As with most things at the moment, COVID 19 is having an impact on our daily lives, and it’s making us think about how we carry out our day to day activities.  I normally spend a considerable chunk of my time travelling for work.  Mainly visiting education trade shows and conferences as well as customers, and the occasional celebratory event.  When WHO (World Health Organisation) declared a global pandemic, all things ‘travel’ stopped for me.  What are we going to do!?  It’s not a common occurrence.  We didn’t have a back up plan. 

I’ll admit that I was worried.  Worried that the health of my children and family would be affected, worried that friends would become ill, worried that work would no longer need me, worried that people weren’t taking it seriously!!

Word came that all non-essential travel had been stopped, shows/conferences and the like started to get cancelled.  This was a huge relief for me.  I was faced with the prospect of home schooling my two children and I didn’t know how that was going to work.  Nobody did.

A few weeks in, and with a very supportive workplace it meant that I was starting to get a handle on what the new norm looks like in our house.  We had a rota.  PE with Joe, schoolwork, walk the dog, lunch, schoolwork, finish.  I’d squeeze in as much work as I could.  Probably half of what I’d normally do, but it was a start.  Rather inconveniently… we had a half term after 2 weeks of us being at home which was badly timed really, as we’d just gotten into a good habit and then it felt like we had to start all over again.

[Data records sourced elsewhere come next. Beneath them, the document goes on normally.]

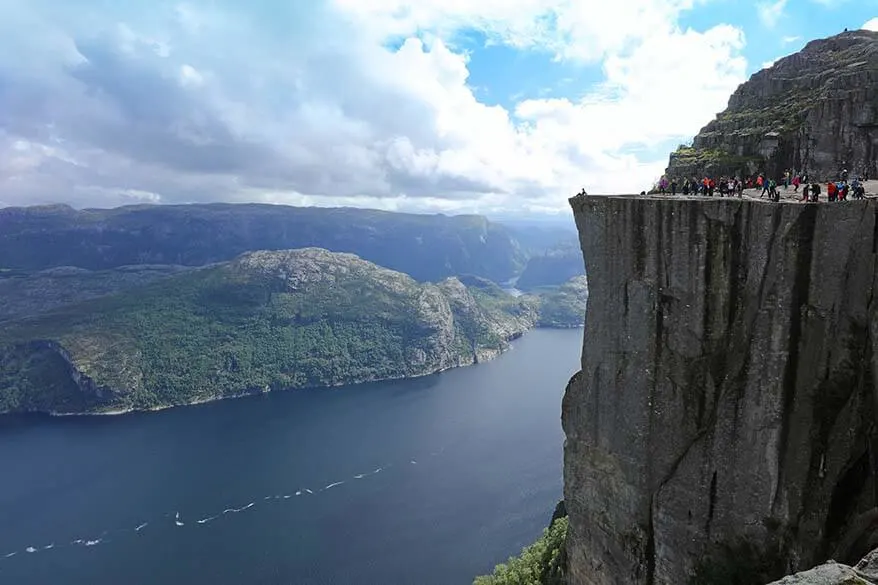 How to do Pulpit Rock hike and Lysefjord cruise in one day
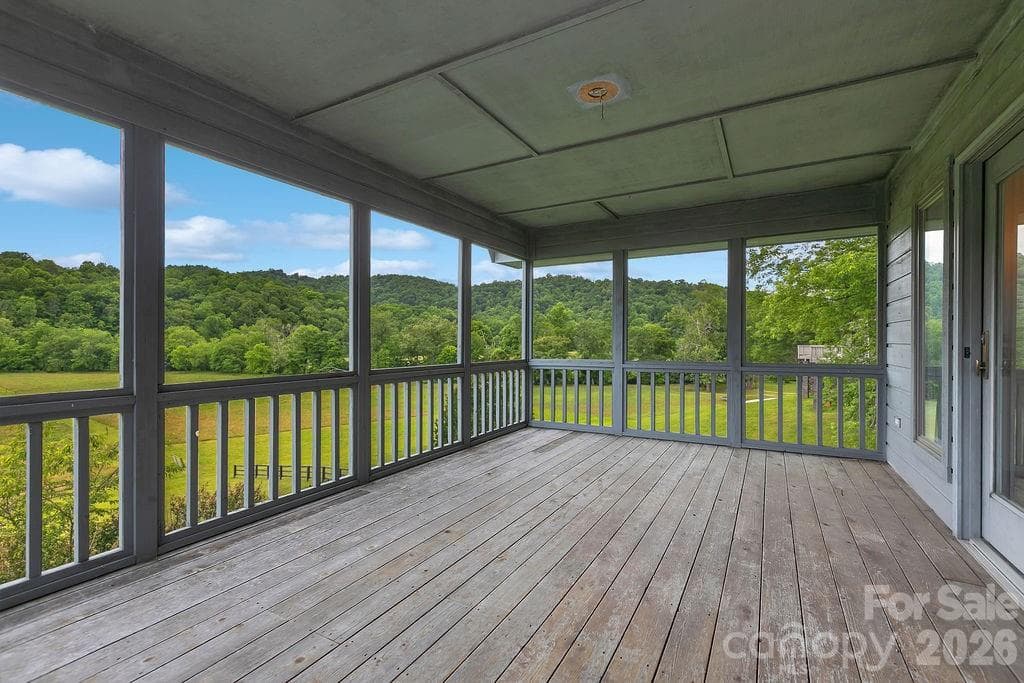 Single Family Residence at 547 Windover Drive, Brevard, photo 21 of 48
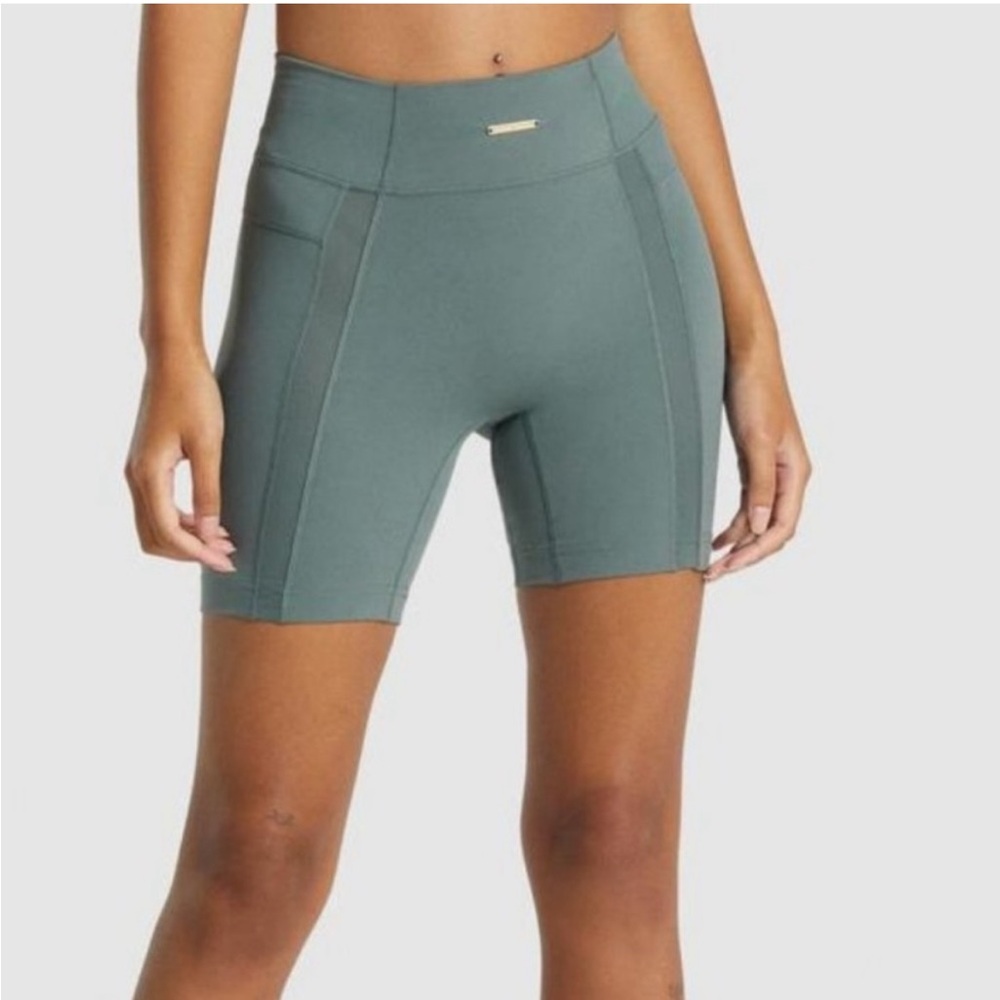 GYMSHARK x WHITNEY SIMMONS shorts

‘Unprecedented’ and ‘Pivot’ became the new buzz words.  At work the Education team produced some activities name ‘home learning series’ and my colleague (but also a good friend) Katie and I were asked if we’d be interested in running a webinar series to compliment the new resources.  We didn’t need to think about it for long, we’d obviously love to do this!  Most of our time prior to Covid was spent talking to educators and customers, this was a new way to reach them.  We had to do it.

It took us a few weeks to work through a plan, and we also needed to upgrade our Zoom plan so we could host a webinar.  100 people max, with the intention of live streaming to YouTube.  It’s amazing the amount of time and effort it takes to host a 30-minute webinar.  Getting up to speed with the registration process, communication channels, live streaming and the format for the session itself was fun.  It’s good to learn new things, and Katie and I make a great team.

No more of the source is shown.